I've often wondered if John Williams drew inspiration from Jazz harpist Alice Coltrane's 1972 album 'World Galaxy' when composing his score for Close Encounters of the Third Kind. Williams' main theme from Spielberg's movie certainly sounds a lot like Coltrane's 'Galaxy in Turiya'. Like all of Coltrane's work, 'World Galaxy' is intended as a meditative work, one designed to make you consider your place in the cosmos as you listen to its soothing strings. Considering your place in the cosmos can either make you feel scared and irrelevant or provide you with comfort in the idea that you're part of something bigger than yourself.

Animalia review

Like Close Encounters, writer/director Sofia Alaoui's Moroccan-set feature debut Animalia is centred on a protagonist who finds themselves reborn via extra-terrestrial contact. It doesn't have the budget or expanse of Spielberg's blockbuster but it contains similar images and shares a central theme of one person finding emancipation in an event that terrifies most others. This is Spiritual Jazz as cinema; Coltrane's work could easily fit as its score.

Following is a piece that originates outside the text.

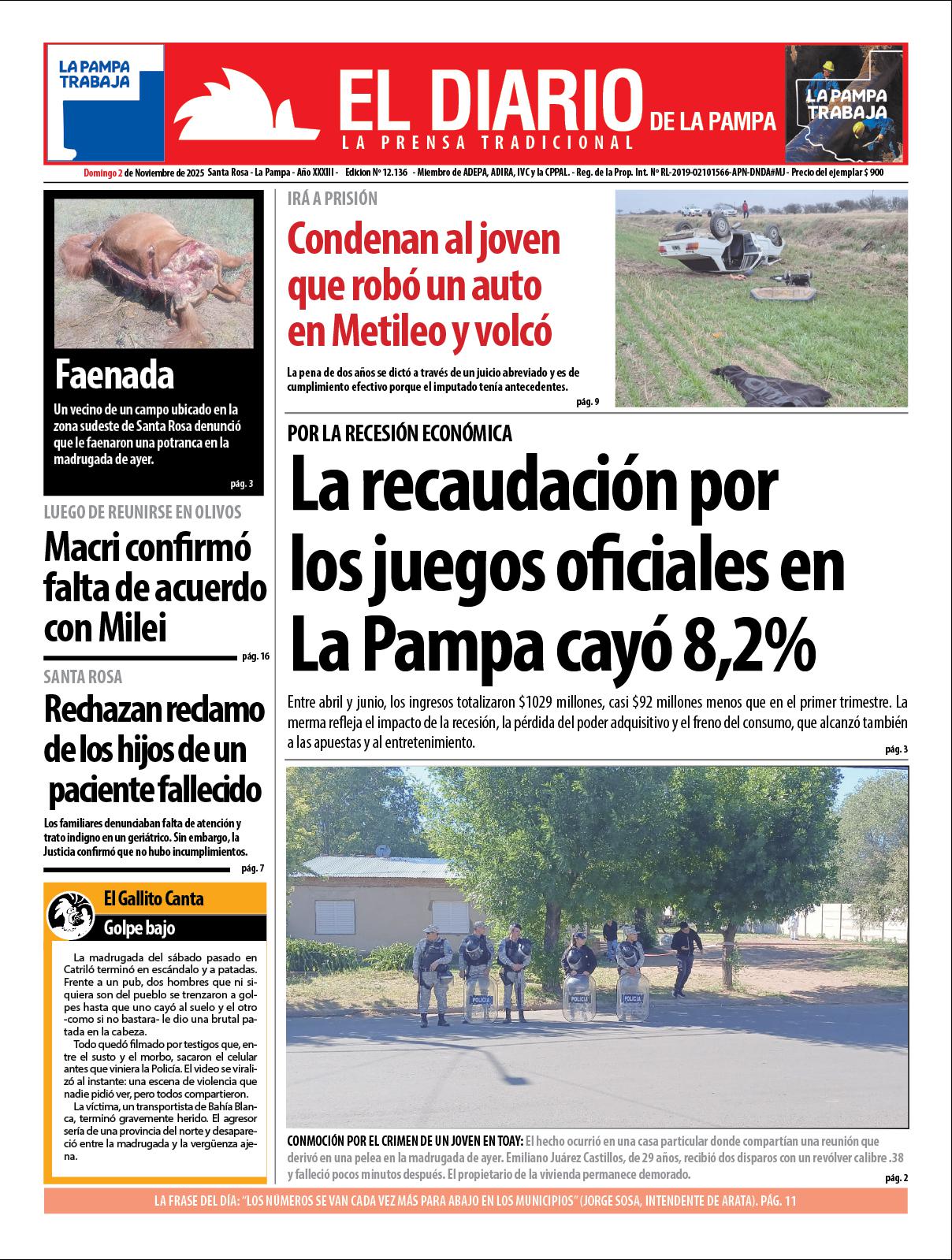 Tapa de El Diario en papel  domingo 02 de noviembre de 2025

The protagonist here is Itto (Oumaïma Barid). Coming from a poor Berber background, Itto married into a rich family and is now pregnant with her husband Amine's (Mehdi Dehbi) child. When Amine's family head off on a business trip, Itto is left alone in their sprawling mansion. Like Tom Cruise in Risky Business, Itto is relieved by this freedom, dancing around to the Isley Brothers in a manner which is likely forbidden by her husband's religious family.

Animalia review

A couple of days later Itto receives a phone call from a distressed Amine. Due to a strange event that the government is concealing, roads have been blocked and he won't be able to make it home. Amine organises for a neighbour to drive Itto closer to him, but Itto is swindled and left stranded in a remote village. There she notices animals behaving strangely, and the menfolk staring at her in a sinister manner. She pays a local man, Fouad (Fouad Oughaou), to drive her to her husband, and the pair set off on a journey through an ambiguous and uncertain landscape.

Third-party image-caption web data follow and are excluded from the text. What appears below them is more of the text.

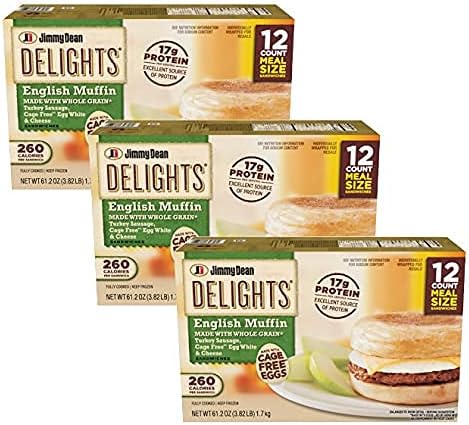 Gourmet Kitchn Jimmy Dean Delights, English Muffin Cage Free, Turkey Sausage EggWhite And Cheese | Made with Whole Grain. (3 Pack)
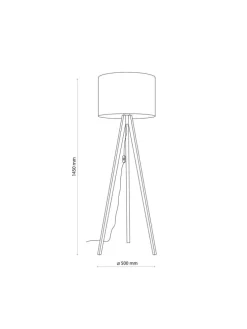 Stehlampe (B)50 x (L)50 x (H)145 cm in Nussbraun Beige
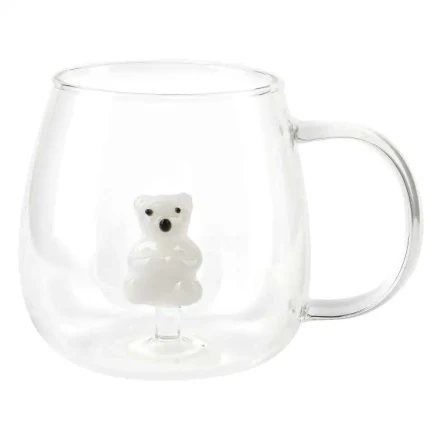Kubek do kawy i herbaty stylowy szklany miś 400ml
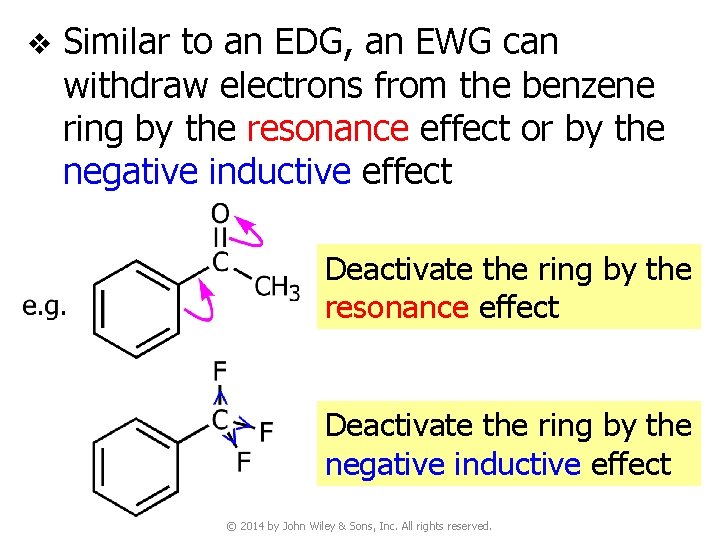 v Similar to an EDG, an EWG can withdraw electrons from the benzene ring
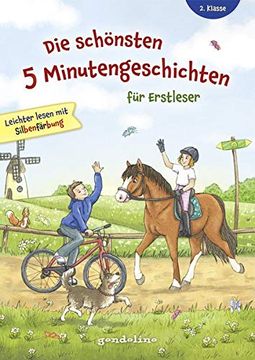 portada Die Schönsten 5 Minutengeschichten für Erstleser (Mädchen Jungen), 2. Klasse - Leichter Lesen mit Silbenfärbung - Kinderbücher ab 7-8 Jahre (en Alemán)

There are some impressive effects for a relatively low budget Moroccan production, with shades of 2001: A Space Odyssey in Itto's encounters with extra-terrestrials that seem to communicate with her through psychedelic light shows. Alaoui is a little too reliant on voiceover and dialogue to provide context, though some of the philosophical dialogue is beautifully composed, especially a metaphor about fish being unaware of the water around them. The suggestion is that the "invading" aliens here have been with us all along. But unlike the buried tripods of War of the Worlds, they've been part of our atmosphere, unseen in the air we breathe because we never paused to look for them. Animalia is a plea to open our eyes and take in the beauty that surrounds us.

Animalia review

Some have theorised that Close Encounters was an allegory for the secular Spielberg connecting to his Jewish roots and rediscovering a long-abandoned faith. Animalia flips this idea on its head. At the beginning of the film Itto is a relatively devout Muslim, though she's enough of a feminist to refuse to wear any head coverings. The journey she embarks on is one of spiritual discovery but also one in which she learns to question her religion. Fouad is an atheist who argues that the existence of extreme wealth gaps like that of Morocco is proof enough of the lack of a divine entity. Itto initially bites back at such statements, but her own close encounters with phenomena that can't be explained in her religion's texts causes her to rethink all she's taken for granted. In a scene that no doubt ruffled feathers in the director's home country, Alaoui stages her hero's ultimate enlightenment amid a mass prayer gathering in which the women are expected to pray outside while the men enjoy the shelter of the mosque. As Itto defies tradition and enters the mosque, her water breaks. The suggestion, and hope, is that the next generation of Moroccans may be guided by something bigger than religion.

Animalia is in UK cinemas from December 12th.